Pendant que les pommes de terre tiédissent (max 15 min), couper chaque prune en deux à la verticale, retirer le noyau. Mélanger sucre fin et cannelle dans un bol. Reformer chaque prune en glissant 1/4 cuillère à café de sucre cannelle à la place du noyau, refermer délicatement — la peau des prunes Stanley ou quetsches tient sans problème.
Sur les pommes de terre tièdes (pas chaudes !), ajouter la farine, la semoule, l'œuf et le sel. Mélanger d'abord à la fourchette, puis à la main jusqu'à formation d'une pâte souple, légèrement collante mais qui se travaille. Si trop collante, ajouter 20-30 g de farine supplémentaire — sans excès, la pâte doit rester tendre.
Diviser la pâte en 12 portions égales (une par prune). Aplatir chaque portion dans la paume en disque de 8-10 cm. Déposer une prune au centre, remonter la pâte autour en pinçant pour fermer hermétiquement — aucun trou, sinon la prune fuit à la cuisson. Rouler entre les paumes pour une boule régulière de la taille d'une balle de tennis.
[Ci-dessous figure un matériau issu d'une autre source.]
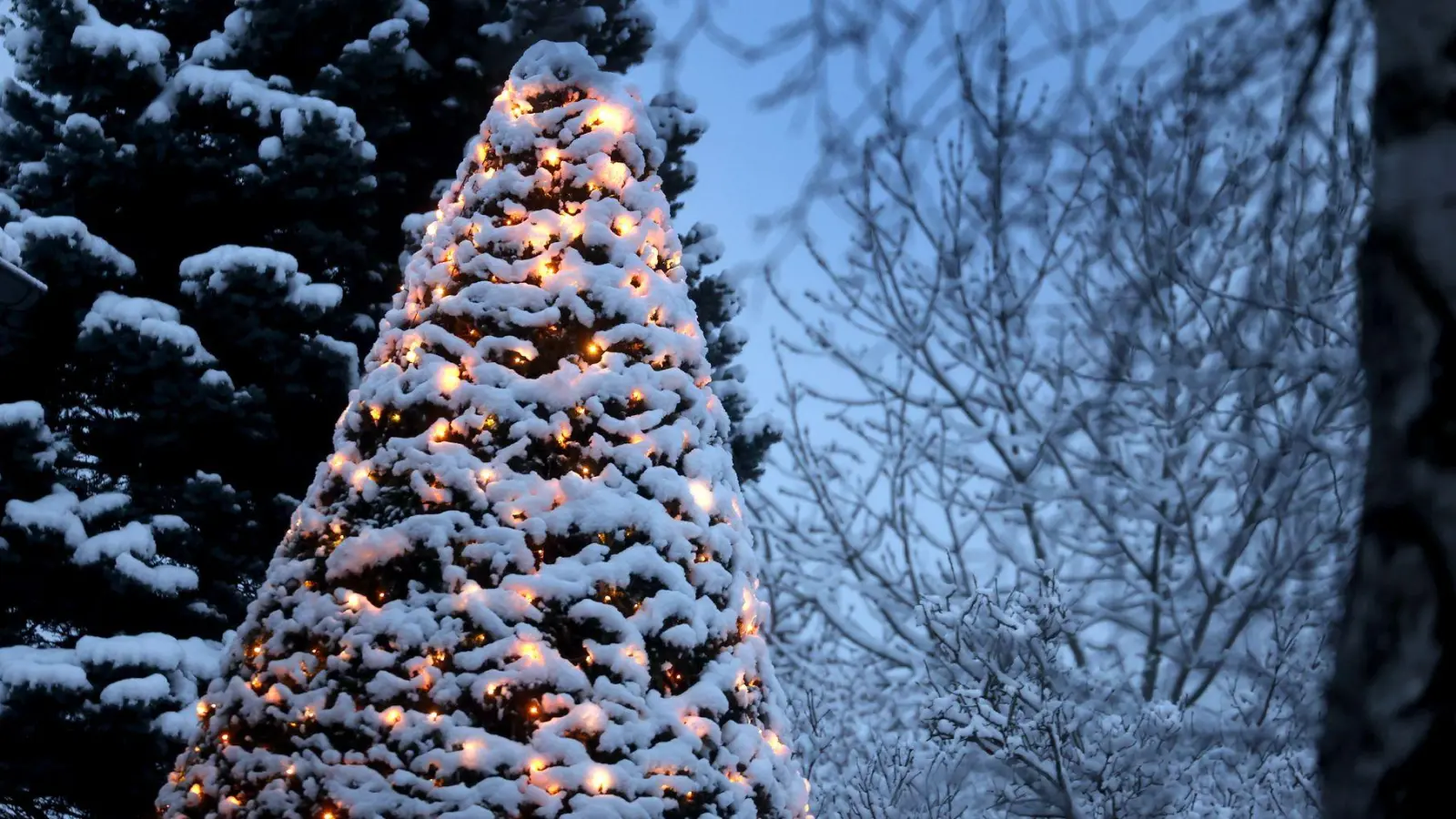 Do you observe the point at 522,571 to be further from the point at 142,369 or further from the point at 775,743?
the point at 142,369

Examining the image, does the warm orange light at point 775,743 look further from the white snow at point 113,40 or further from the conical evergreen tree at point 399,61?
the white snow at point 113,40

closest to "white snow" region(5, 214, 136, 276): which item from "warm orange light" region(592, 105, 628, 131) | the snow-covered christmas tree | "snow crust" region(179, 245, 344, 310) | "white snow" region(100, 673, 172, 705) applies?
"snow crust" region(179, 245, 344, 310)

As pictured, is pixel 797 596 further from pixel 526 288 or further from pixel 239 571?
pixel 526 288

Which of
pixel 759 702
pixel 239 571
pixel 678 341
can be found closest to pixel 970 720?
pixel 759 702

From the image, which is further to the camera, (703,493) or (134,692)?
(134,692)

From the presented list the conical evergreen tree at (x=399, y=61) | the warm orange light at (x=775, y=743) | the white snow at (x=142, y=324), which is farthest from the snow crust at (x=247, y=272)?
the warm orange light at (x=775, y=743)

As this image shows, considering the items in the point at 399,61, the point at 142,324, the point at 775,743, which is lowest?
the point at 775,743

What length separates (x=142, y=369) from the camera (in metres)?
5.86

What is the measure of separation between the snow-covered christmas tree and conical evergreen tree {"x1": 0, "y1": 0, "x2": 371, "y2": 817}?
2.72 metres

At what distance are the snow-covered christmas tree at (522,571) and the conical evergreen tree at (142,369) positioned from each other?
2720 mm

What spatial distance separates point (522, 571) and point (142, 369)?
155 inches

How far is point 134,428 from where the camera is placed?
6176 mm

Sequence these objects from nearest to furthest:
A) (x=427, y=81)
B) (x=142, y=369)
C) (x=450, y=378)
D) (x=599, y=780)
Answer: (x=599, y=780) < (x=450, y=378) < (x=142, y=369) < (x=427, y=81)

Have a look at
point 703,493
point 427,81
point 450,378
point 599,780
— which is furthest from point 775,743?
point 427,81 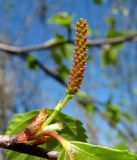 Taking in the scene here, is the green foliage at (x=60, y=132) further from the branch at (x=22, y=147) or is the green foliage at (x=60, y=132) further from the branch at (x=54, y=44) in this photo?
the branch at (x=54, y=44)

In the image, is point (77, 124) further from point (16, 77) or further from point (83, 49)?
point (16, 77)

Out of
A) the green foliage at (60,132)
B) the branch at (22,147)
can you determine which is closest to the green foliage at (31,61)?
the green foliage at (60,132)

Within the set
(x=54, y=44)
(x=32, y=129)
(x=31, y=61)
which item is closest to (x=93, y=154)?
(x=32, y=129)

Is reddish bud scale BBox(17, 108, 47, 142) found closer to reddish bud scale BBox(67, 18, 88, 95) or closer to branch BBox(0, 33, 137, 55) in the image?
reddish bud scale BBox(67, 18, 88, 95)

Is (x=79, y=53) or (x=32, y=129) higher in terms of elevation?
(x=79, y=53)

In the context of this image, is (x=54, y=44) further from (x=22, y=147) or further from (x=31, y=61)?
(x=22, y=147)

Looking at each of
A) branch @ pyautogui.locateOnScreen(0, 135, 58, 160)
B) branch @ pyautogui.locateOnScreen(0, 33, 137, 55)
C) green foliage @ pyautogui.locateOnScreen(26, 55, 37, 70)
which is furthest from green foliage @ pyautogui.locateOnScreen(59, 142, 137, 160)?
green foliage @ pyautogui.locateOnScreen(26, 55, 37, 70) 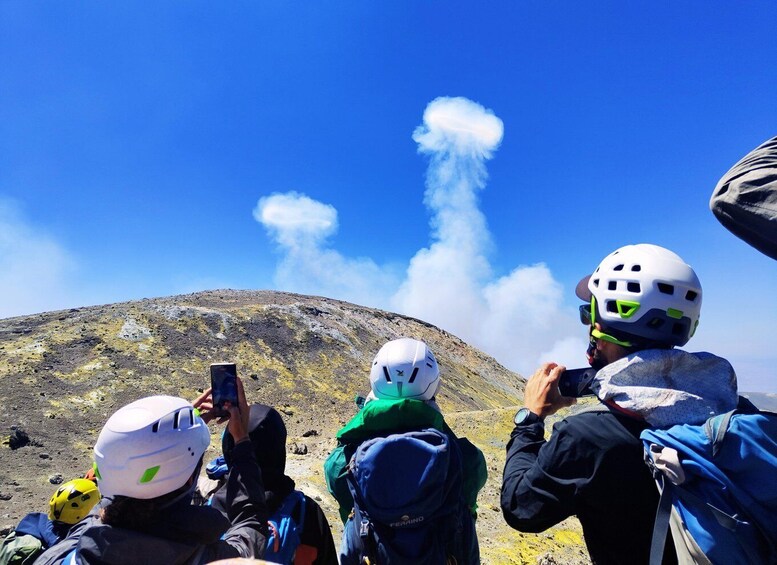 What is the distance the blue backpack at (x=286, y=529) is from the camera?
277 centimetres

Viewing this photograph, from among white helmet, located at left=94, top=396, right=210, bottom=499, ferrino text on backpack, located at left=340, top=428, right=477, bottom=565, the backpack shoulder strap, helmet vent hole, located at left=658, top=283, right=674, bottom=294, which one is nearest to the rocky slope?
the backpack shoulder strap

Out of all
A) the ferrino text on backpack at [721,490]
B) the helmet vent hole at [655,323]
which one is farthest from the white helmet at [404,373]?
the ferrino text on backpack at [721,490]

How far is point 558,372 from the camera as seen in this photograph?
8.05 feet

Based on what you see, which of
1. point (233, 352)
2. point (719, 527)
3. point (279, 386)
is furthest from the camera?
point (233, 352)

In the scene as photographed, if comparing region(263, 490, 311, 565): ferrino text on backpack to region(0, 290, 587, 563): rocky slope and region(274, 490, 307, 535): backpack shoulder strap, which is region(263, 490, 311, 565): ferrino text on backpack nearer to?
region(274, 490, 307, 535): backpack shoulder strap

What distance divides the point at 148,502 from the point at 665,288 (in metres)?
2.64

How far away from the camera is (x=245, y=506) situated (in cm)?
249

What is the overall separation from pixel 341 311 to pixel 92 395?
85.0 feet

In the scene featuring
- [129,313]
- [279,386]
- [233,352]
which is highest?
[129,313]

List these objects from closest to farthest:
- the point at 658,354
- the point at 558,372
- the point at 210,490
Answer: the point at 658,354, the point at 558,372, the point at 210,490

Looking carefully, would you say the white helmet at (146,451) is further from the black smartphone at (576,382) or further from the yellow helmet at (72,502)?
the yellow helmet at (72,502)

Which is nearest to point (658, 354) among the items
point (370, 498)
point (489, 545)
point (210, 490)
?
point (370, 498)

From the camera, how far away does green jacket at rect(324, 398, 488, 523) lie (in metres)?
2.76

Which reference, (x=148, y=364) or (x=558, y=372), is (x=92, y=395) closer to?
(x=148, y=364) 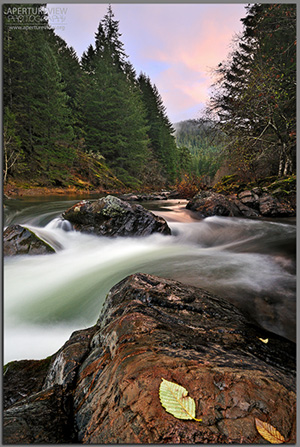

Porter une grande casserole d'eau salée à frémissement (PAS gros bouillon, sinon les boulettes éclatent). Plonger les boulettes par 6 maximum, baisser à frémissement régulier. Cuire 12-15 minutes : les boulettes remontent en surface après 5-6 minutes, prolonger 8 minutes au-delà du moment où elles flottent.
Pendant la cuisson des boulettes, faire fondre le beurre dans une grande poêle à feu moyen. Ajouter la chapelure, la cassonade, mélanger constamment à la spatule jusqu'à coloration dorée et parfum de noisette (5-7 minutes). Attention à ne pas brûler — feu modéré indispensable.
Sortir les boulettes de l'eau à l'écumoire, égoutter brièvement, les transférer encore chaudes et humides dans la poêle de chapelure. Rouler délicatement chaque boulette pour qu'elle s'enrobe complètement — la chapelure adhère grâce à l'humidité de surface.
Disposer 3 boulettes par assiette chaude. Saupoudrer généreusement de sucre glace + une pincée de cannelle. Servir IMMÉDIATEMENT, encore chaudes — la pâte de pomme de terre durcit si elle attend trop. Un filet de tejföl (crème aigre) à côté est un accompagnement traditionnel qui équilibre le sucre.